BLORA, Lingkar.news – Polemik penggunaan lahan di Kawasan Hutan Dengan Tujuan Khusus (KHDTK) di Desa Getas Kecamatan Kradenan dan Desa Tlogotuwung Kecamatan Randublatung, Kabupaten Blora belum menemui titik temu. Persoalan tersebut melibatkan para petani tebu dengan Universitas Gadjah Mada di Desa Getas yang mengklaim atas pengelolaan lahan di KHDTK tersebut.
Konflik yang berlangsung yakni petani tebu merasa lahan yang dulu dimanfaatkan untuk tanaman tebu itu diserobot oleh UGM. Meski sudah melakukan mediasi pada Selasa, 25 Februari 2025 namun persoalan itu bertambah dengan isu penggusuran rumah warga yang berdiri di lahan hutan tersebut.
Kabar yang berhembus belakangan ini pihak UGM mengklaim lahan yang saat ini dikelola seluas 10.800 hektare termasuk kawasan lahan yang ditanami tebu dan rumah warga.
Seorang warga, Susilo, mengatakan bahwa istrinya sempat didatangi petugas yang memberitahu terkait penggusuran rumah yang didirikan di lahan hutan pada 2004 sebelum ada pihak UGM.

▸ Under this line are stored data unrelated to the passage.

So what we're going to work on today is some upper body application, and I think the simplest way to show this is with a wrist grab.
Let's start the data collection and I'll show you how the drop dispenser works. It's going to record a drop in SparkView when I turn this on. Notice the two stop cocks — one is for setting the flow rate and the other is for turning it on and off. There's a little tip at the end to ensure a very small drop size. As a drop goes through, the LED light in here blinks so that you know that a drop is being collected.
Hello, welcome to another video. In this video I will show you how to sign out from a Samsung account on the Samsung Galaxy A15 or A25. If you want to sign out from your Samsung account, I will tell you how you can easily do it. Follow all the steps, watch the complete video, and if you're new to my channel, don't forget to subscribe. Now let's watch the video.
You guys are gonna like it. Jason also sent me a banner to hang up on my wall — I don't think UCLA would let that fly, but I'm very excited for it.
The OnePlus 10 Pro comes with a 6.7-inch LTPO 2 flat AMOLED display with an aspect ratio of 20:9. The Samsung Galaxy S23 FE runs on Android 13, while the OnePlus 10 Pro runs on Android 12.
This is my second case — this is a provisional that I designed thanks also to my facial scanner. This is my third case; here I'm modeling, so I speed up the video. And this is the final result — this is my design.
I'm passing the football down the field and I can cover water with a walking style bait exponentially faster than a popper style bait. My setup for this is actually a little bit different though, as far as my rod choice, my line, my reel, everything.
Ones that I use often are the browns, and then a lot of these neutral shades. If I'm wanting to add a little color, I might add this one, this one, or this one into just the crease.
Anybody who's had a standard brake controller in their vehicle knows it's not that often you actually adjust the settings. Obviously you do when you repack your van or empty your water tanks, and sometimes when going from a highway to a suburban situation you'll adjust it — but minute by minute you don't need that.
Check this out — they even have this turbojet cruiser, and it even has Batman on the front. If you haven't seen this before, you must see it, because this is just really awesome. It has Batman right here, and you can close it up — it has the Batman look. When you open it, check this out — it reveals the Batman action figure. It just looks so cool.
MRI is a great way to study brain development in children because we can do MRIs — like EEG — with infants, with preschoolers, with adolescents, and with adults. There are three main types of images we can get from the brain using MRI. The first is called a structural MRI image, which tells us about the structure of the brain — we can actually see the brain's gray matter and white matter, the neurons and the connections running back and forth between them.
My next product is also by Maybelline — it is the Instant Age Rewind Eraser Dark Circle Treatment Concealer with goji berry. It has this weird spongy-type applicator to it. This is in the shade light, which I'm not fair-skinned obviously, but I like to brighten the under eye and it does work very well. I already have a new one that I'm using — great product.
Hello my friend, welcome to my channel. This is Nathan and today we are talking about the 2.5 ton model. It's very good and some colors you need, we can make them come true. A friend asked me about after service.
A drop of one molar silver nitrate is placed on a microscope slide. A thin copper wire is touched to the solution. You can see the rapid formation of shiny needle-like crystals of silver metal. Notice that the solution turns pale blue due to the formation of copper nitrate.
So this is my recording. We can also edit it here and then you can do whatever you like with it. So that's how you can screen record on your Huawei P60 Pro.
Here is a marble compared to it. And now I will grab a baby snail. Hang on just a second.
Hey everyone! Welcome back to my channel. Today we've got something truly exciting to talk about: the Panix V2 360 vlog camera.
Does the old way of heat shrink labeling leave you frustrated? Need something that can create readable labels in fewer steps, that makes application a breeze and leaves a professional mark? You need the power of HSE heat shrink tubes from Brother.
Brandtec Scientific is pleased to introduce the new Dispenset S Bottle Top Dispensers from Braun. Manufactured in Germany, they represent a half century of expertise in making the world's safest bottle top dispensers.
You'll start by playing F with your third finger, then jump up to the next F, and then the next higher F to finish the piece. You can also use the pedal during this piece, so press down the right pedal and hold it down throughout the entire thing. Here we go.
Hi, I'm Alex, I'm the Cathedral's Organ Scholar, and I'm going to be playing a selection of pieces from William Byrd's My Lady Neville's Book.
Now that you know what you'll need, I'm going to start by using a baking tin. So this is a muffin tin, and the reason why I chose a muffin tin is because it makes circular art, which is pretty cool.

“Saat itu saya sedang bekerja sebagai buruh serabutan dikabari istri saya didatangi pihak UGM. Saya disuruh datang ke kampus UGM. Saya diinterogasi terus dikasih surat pernyataan kalau sampai batas waktu yang ditentukan itu tidak dibongkar saya akan dipidanakan. Jatuh temponya itu bulan Mei tanggal 25 tahun 2025,” terang Susilo saat ditemui pada Jumat, 28 Februari 2025.
Menurut Susilo, terkait pembongkaran bangunan rumah itu tidak ada informasi terkait ganti rugi.
Senada, warga yang akrab disapa Mbah Dari yang tinggal bersama istri dan anaknya itu juga panggil pihak UGM terkait peringatan untuk membongkar rumahnya atau jika menolak maka akan diproses melalui hukum.
Mbah Dari mengaku diberi kesempatan hingga 7 April 2025 untuk pembongkaran mandiri tanpa ada uang ganti rugi.
“Tanggal tujuh, sekitar masa panen jagung. Enggak ada ganti rugi,” ungkapnya.
Sementara itu dari pihak UGM menyatakan bahwa keputusan pembongkaran bangunan di lahan hutan itu merupakan tindaklanjut surat keputusan Kementerian Kehutanan untuk mengelola lahan hutan seluas 10.800 hektare.
Direktur Pengelola KHDTK, Tri Admojo, menjelaskan bahwa lahan seluas 10.800 hektare itu merupakan kawasan hutan negara dan UGM diberi mandat oleh Kementerian Kehutanan untuk mengelola itu.
“Di tahun 2016 Kementerian Kehutanan mengalihkan pengelolaan dari Perhutani ke UGM. Oleh karena itu kami masuk untuk mengelola kehutanan yang ada di sini,” ucapnya.
Tri juga menegaskan bahwa benar berdasarkan amanat yang diterima UGM mengelola lahan seluas 10.800 hektare.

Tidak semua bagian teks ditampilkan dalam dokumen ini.